Wednesday, September 16, 2015

On me..

You won't hear me say anything negative about you.

 I won't sabotage your image even though this happened. I still respect you as a friend even if you won't consider me as one because i put great value at what we had, 10+years of friendship and a great relationship with you. Still, I'd only wish that you find someone who will respect and accept you for who you are. I didn't asked for this nor wanted this to happen to us, you know i'd keep on fighting for us and fix everything until you decided to end things.

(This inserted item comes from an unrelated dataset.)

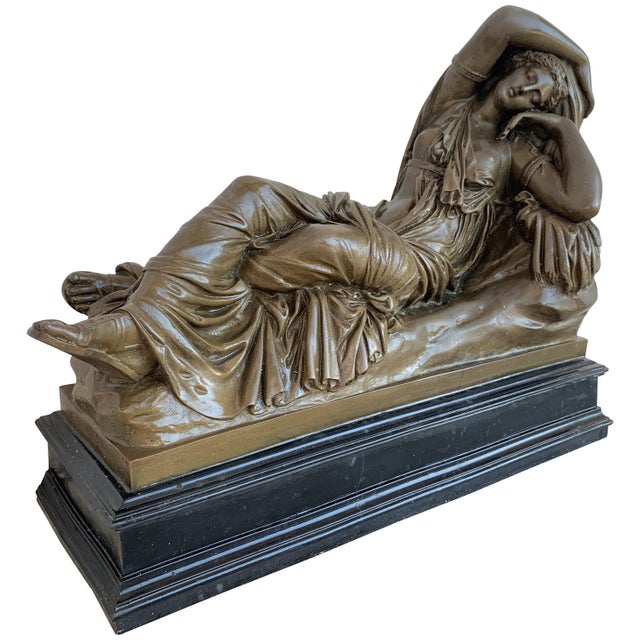 Italian Bronze Tuscany Neoclassical Style Sculpture Featuring a Relaxed Woman For Sale - Image 12 of 12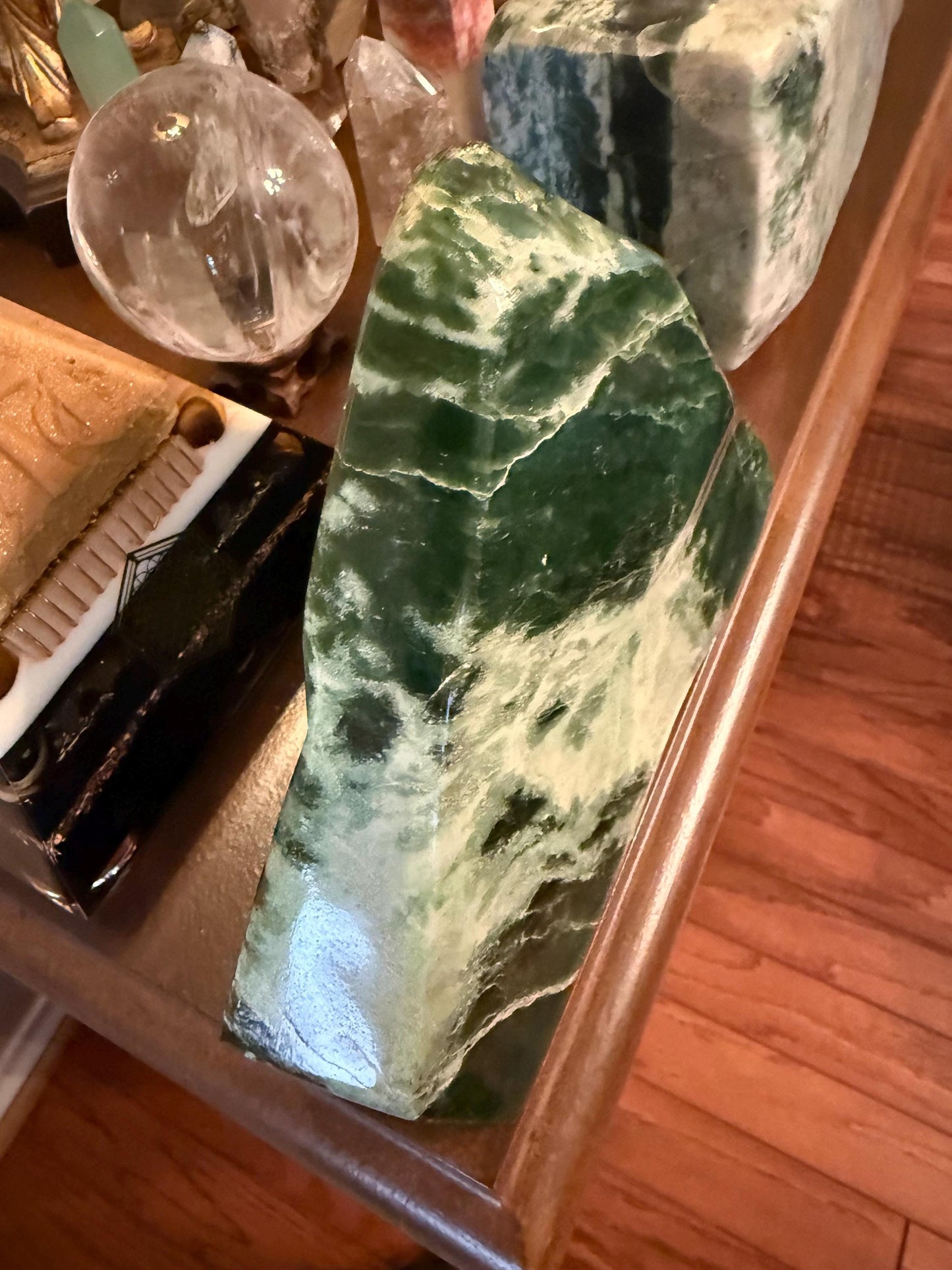 Authentic Nephrite Green Jade Freeform, new, gifts, altar, high vibration premium healing, 7.5”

I am willing to do everything I can to be with you.
As I told you before, share your pain and burdens with me so that you won't have to carry it all alone.
I know its not easy, but I don't want you to feel the pain all by yourself. I am here. I am your partner and I want to carry some of your pain.

I am here for you for times like this.
I am here when you needed someone to talk to and release all the stress and hurt that you have because you know that I don't want to see you stressed.
I am here so that if you needed someone to comfort you, you'll know you can run to me cause I'll give you the tightest hug i could give.
I am here to accompany you in your daily life
I am here to listen to all your stories 'cause I have enjoyed listening to you all these years
I am here so that you would know that there is someone of God's creation that won't give up on you and accepted you for who you are.

I'll always be here for you because I love you, even if you started doubting my love for you, i know what i feel is right.
It pains me the most to see us like this, with one problem like that it all ended in this.
You know that I wanted us to last, be each others lifetime partner. I wanted and i would work for that future with you.
If you ever felt that i have betrayed you or destroyed your trust, I didn't. I know how important trust is and i won't risk anything to destroy your trust in me.
If you felt frustrated at yourself, please do not be. You are a great person, you are someone's dream, you're my dream for years.
I trusted your love all throughout. You made me the happiest guy in the world. You and your way of loving me was perfect for me. That I know i found the right girl for me.
I didn't even fake a single smile all throughout our relationship, I was so happy and contented with you. No one ever reached that point other than you. And I am so happy with that.
I know that i can't fully express my feelings when I'm in pain and I am sorry for that but just seeing you smile makes it all go away.
Thank you for taking care of me when I'm sick. I know its not easy attending to me at those times.
Thank you for loving me and accepting me for who I am. I felt that I can be myself when I'm with you.
Thank you for all the things that you did for me. I really appreciated it more than you know.

You know what? I really love it when you look into my face for no reason at all. I love looking at your eyes. Everytime you do that, I fell inlove with you more and more. Our inside jokes, i'll surely miss those. What I miss most is talking to you all day and expressing my love for you. You're really the one who pushes me to survive work and stress, your everyday chat makes my day complete. Seeing you completely removes my stress. When you call, it gives me an instant upper, a sudden boost in energy. I always look forward to meeting you during wednesdays, you know how happy i am when i'm with you on that day. I'm sorry for my ugly schedule that doesn't make it possible to meet everyday after work.

I don't want us to end, really.
You know how much I feel for you and you never failed to express your love for me.
I am knocking on your heart, your heart that i fully cared not to hurt. 
I want to keep on fighting for what we have, all i am asking you is do not give up at this point.